We see strong low-frequency components, originating from both the offset and the trend. We also see the nuisance signal spectral peak at 50Hz.

## Filtering#

Filtering of signals in general removes/suppresses unwanted signal components. This can be done both in the *time-domain* and in the *frequency-domain*. For offsets and (low-order) polynomial trends, fitting a model directly in the time domain, and subtracting the obtained trend, is the preferred solution.

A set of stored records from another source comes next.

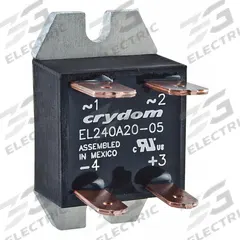 CRYDOM Solid State Relay: Surface Mounted, 10 A Max Output Current, SCR, AC Output (MPN EL240A10-05). Key specifications — Brand: CRYDOM; Current Type: DC; Electrical Connection: Quick-Connect; Finger Safe: No; Input Current: 21 mA; Maximum Output Current without Heat Sink: 9 A; Mounting Style: Panel; Output Voltage: 24 to 280V AC.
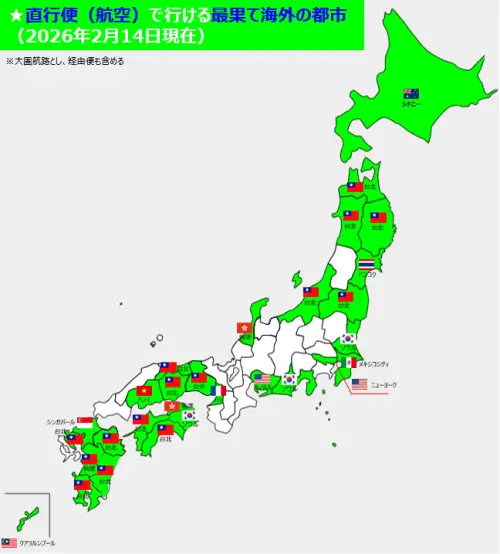 ▲一張日本各地機場最遠航點地圖在日本社群廣傳，台灣直航密集程度引發討論。（圖／取自itsukaichi_engi X）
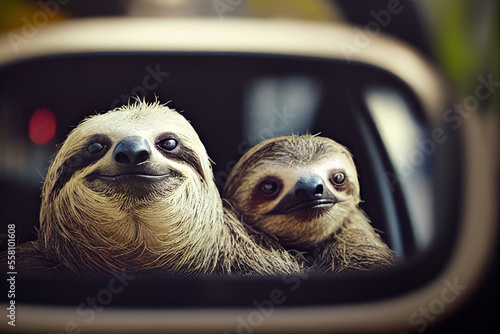 Two cute sloth sittimng in a car, reflection in the mirrow jungle animal, illustration, generative ai
 photo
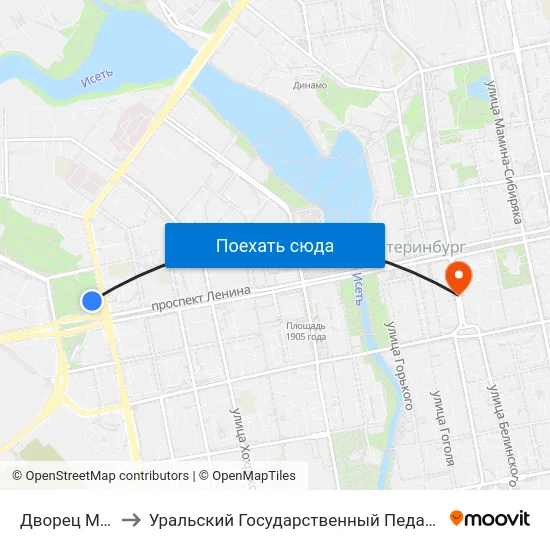 Дворец Молодёжи to Уральский Государственный Педагогический Университет map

This can be controlled in Syncopy with the `polyremoval`

parameter, which is also directly available in `freqanalysis()`

.

Removing signal components in the frequency domain is typically done with *finite impulse response* (FIR) filters or *infinite impulse response* (IIR) filters. Syncopy supports one of each kind, a FIR windowed sinc and the Butterworth filter from the IIR family. For both filters we have low-pass (`'lp'`

), high-pass (`'hp'`

), band-pass (`'bp'`

) and band-stop(Notch) (`'bp'`

) designs available.

To clean up our dataset above, we remove the linear trend and apply a low-pass 12th order Butterworth filter:

```
data_pp = spy.preprocessing(data_nui,
filter_class='but',
filter_type='lp',
polyremoval=1,
freq=40,
order=12)
```

Now let’s reuse our `cfg`

from above to repeat the spectral analysis with the preprocessed data:

```
spec_pp = spy.freqanalysis(data_pp, cfg)
spec_pp.singlepanelplot()
```

As expected for a low-pass filter, all frequencies above 40Hz are strongly attenuated (note the log scale, so the suppression is around 2 orders of magnitude). We also removed the low-frequency components from the offset and trend, but acknowledge that we also lost a bit of the original white noise power around 0-2Hz. Importantly, the spectral power of our frequency band of interest, around 30Hz, remained virtually unchanged.